Mar. 6—As stated many times before, veterans are special men and women who deserve our respect, admiration and thanks for their service to our country.
Veterans have earned that respect. Many have given the ultimate sacrifice in service to our country. Life as we know it is thanks in very large part to our veterans.
So it was good to see the announcement this week from the office of U.S. Rep. Matt Cartwright, D-Moosic, of the the U.S. House of Representatives' passage of legislation to ensure service-members and their families can receive justice for their exposure to toxic chemicals in drinking water at Camp Lejeune.
According to information provided by Cartwright's office, over a 30-year period spanning the 1950s through the 1980s, thousands of Marines, their families, civilian workers and personnel used government provided tap water that was contaminated with harmful chemicals, found at levels ranging from 240 to 3,400 times the levels permitted by safety standards.
These exposures likely increased the risk of cancers, such as renal cancer, multiple myeloma, leukemia and more. It also likely raised their risk of adverse birth outcomes, along with other negative health effects.
The Camp Lejeune Justice Act provisions included in the Honoring Our PACT Act allow a member of the U.S. Armed Forces, and/or their family members, that were injured or died as a result of the contaminated water at Camp Lejeune to file under the Federal Tort Claims Act for fair compensation.

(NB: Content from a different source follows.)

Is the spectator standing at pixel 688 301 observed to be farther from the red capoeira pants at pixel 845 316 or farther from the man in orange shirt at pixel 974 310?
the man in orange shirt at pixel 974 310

Cartwright said this type of claim would already be permitted anywhere else in the United States, but because of a unique provision in North Carolina law, this legislation is necessary for those harmed at Camp Lejeune finally to seek justice.

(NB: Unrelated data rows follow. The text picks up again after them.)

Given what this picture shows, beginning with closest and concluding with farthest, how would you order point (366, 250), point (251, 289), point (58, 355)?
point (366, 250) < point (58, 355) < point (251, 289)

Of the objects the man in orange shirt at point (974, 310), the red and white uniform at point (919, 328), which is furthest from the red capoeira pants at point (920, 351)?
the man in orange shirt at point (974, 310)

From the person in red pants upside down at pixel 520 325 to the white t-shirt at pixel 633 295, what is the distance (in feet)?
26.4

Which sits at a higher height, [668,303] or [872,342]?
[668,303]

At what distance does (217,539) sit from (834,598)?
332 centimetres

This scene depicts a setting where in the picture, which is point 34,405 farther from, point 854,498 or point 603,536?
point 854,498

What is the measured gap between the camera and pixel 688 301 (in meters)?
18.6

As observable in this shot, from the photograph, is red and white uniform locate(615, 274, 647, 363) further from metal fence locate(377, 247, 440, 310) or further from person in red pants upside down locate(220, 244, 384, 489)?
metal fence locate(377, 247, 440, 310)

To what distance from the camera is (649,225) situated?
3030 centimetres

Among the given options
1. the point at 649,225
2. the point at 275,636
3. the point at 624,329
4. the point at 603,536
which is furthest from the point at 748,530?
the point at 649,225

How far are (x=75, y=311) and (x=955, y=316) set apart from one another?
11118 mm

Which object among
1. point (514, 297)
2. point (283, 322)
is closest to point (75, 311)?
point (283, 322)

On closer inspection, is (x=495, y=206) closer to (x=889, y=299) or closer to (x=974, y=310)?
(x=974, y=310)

"The service-members who signed up to defend their country and the people who supported them at Camp Lejeune were let down in a big way by their government," Cartwright said in a news release. "This tragedy was a major failure on the part of the Department of Defense, and all those who suffered for it deserve justice. The Camp Lejeune Justice Act, included in the Honoring Our PACT Act, is an important step forward in achieving that goal."
H.R. 3967, The Honoring Our PACT Act, passed the House by a vote of 256-174 on Thursday, March 3, 2022.
Cartwright spoke of Gerard McNamara, a current Northeastern Pennsylvania resident and a Vietnam veteran, who was stationed at Camp Lejeune for just three months in 1967. He was later diagnosed with multiple ailments and cancers from the contaminated water at Camp Lejeune, Cartwright said.
Cartwright said McNamara has expressed obvious disappointment that Camp Lejeune did not notify him nor other service members about the contaminated water and the exposure risks from drinking it, and he has applauded Cartwright's efforts to help veterans and their families' who were affected by the contaminated water.
Cartwright said McNamara hopes that the Camp Lejeune Justice Act will bring awareness of the possibility of assistance to other fellow Camp Lejeune service members affected by water contamination and open a door for them to receive justice.
Camp Lejeune Justice Act of 2021
—The bill allows certain individuals to sue and recover damages for harm from exposure to contaminated water at Camp Lejeune in North Carolina between Aug. 1, 1953, and Dec. 31, 1987.
—This action is available only to individuals who were exposed to contaminated water for at least 30 days.
—The bill prohibits the U.S. government from asserting specified immunity from litigation in response to such a lawsuit.
—The bill also prohibits an individual who brings such an action from bringing a separate tort action against the United States based on the same harm.